If you were to look abroad as a result of progressive changes in education policy, I daresay the country would survive it. AFAIC, it isn't about bringing in astonishingly gifted parents like yourself to state PTAs who will save the failing institution from itself hmm. It's about removing a parallel system that poaches the best teachers. And no I don't blame the teachers. They went into teaching because they want to teach; this is much easier to do well at a private than at a state school (in general, I hasten to add, before all the fantastic state school/shit private school examples start again).
Add a massive salary increase and private company benefits and frankly you'd have to be saintly to resist (some teachers are saintly, mind, and stay in state schools because they believe - rightly in my opinion - that the impact they can have there will be of far higher value even though it will be harder to achieve. Like NHS doctors who could be working privately but choose on principle not to, these people are my heroes).
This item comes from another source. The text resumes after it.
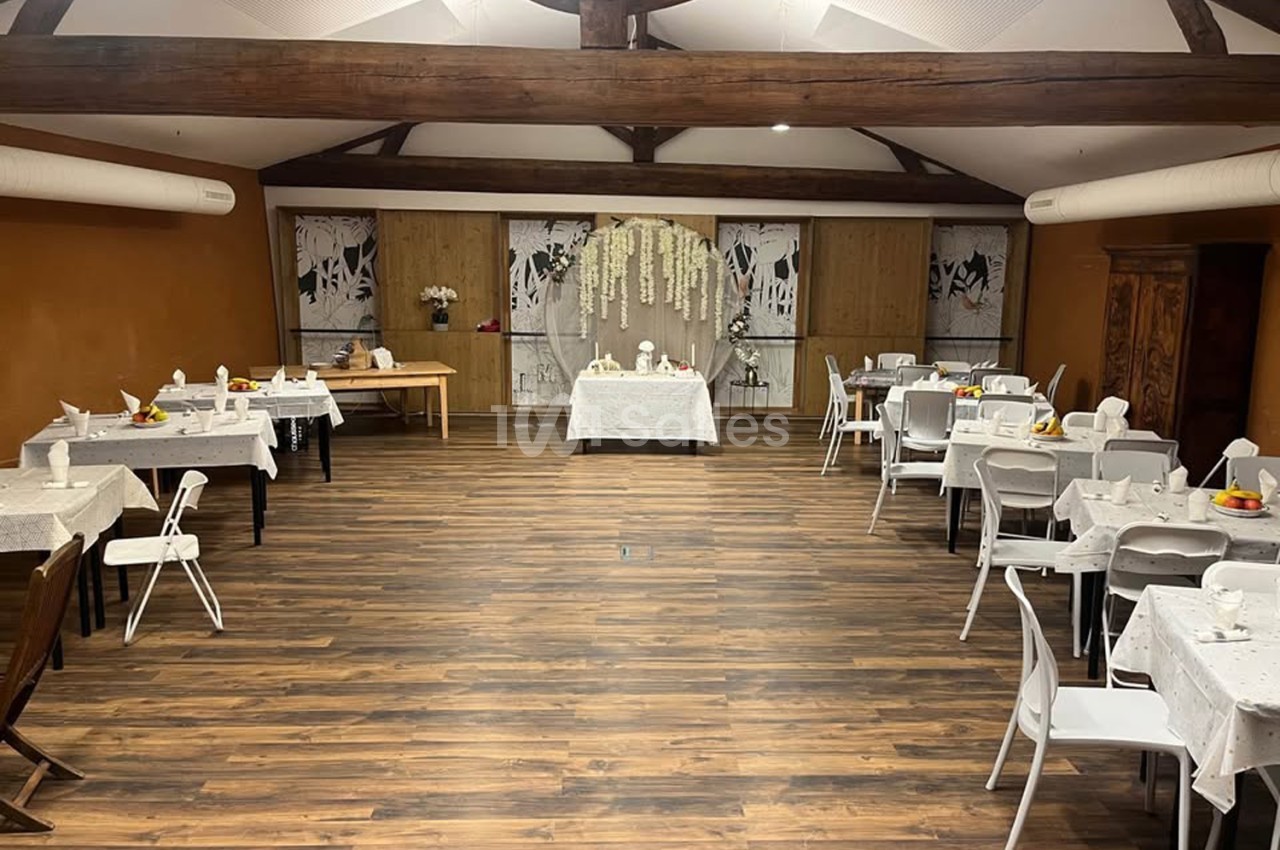 Grande salle aux poutres apparentes, dressée de tables rondes et carrées nappées de blanc, avec un espace décoré de fleurs blanches en fond. Let me verify length: roughly 130 characters? Count: "Grande salle aux poutres apparentes, dressée de tables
It is not necessary to go into stereotypes or namecalling. We are having an adult debate on this thread. Thankfully, my advocacy on behalf of the students is not required in your eyes. I daresay other posters have mentioned engaged parents as one of the benefits of a system that removes choice in education.
The parallel system you described above is exactly the interaction that goes on between the public sector and private sector in all walks of life. Very talented people still work in the public sector, as I am told there are great and better teachers in the state sector. At the risk of stating the obvious, this is a capitalist society. Both sectors will improve from the competition.
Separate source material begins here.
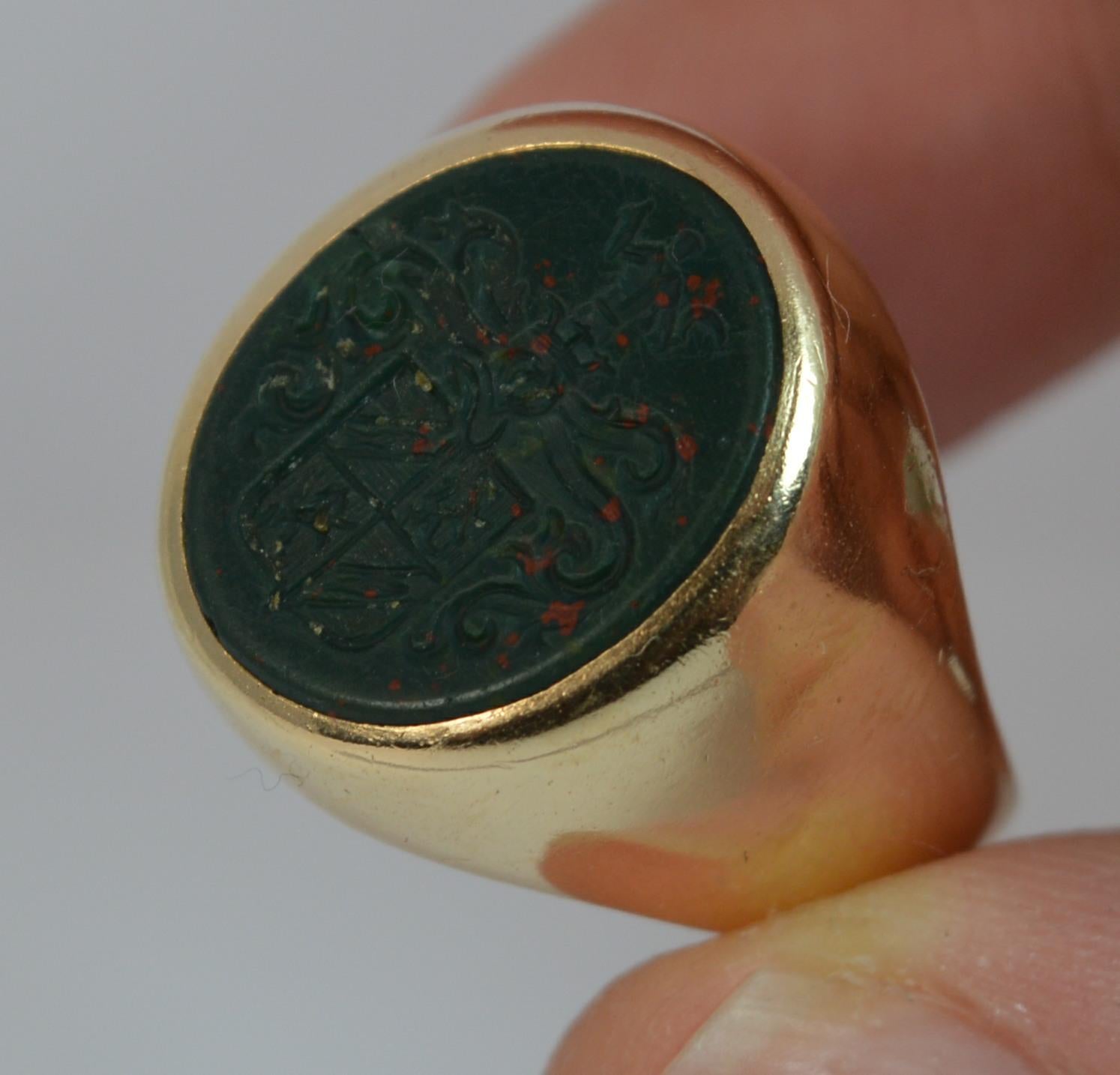 Oval Cut Victorian 18 Carat Gold and Bloodstone Intaglio Signet Seal Family Crest Ring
Private schools do not enjoy teacher job stability just because a place pays more or has better benefits. People who leave for better pay/benefits/easy life are the ones more likely to job hop anyway and so private schools could be setting themselves up for a high turnover by using such bait.
The quality of teaching is one of the areas I am least satisfied with at dd's private school, though it suits her in other ways. It is the usual churn of teachers, teachers occasionally not turning up for lessons/cover, maternity, leaving part way. Private schools don't have some special respite from the usual HR-type issues in any organisation.
You are not missing out that much in the state school.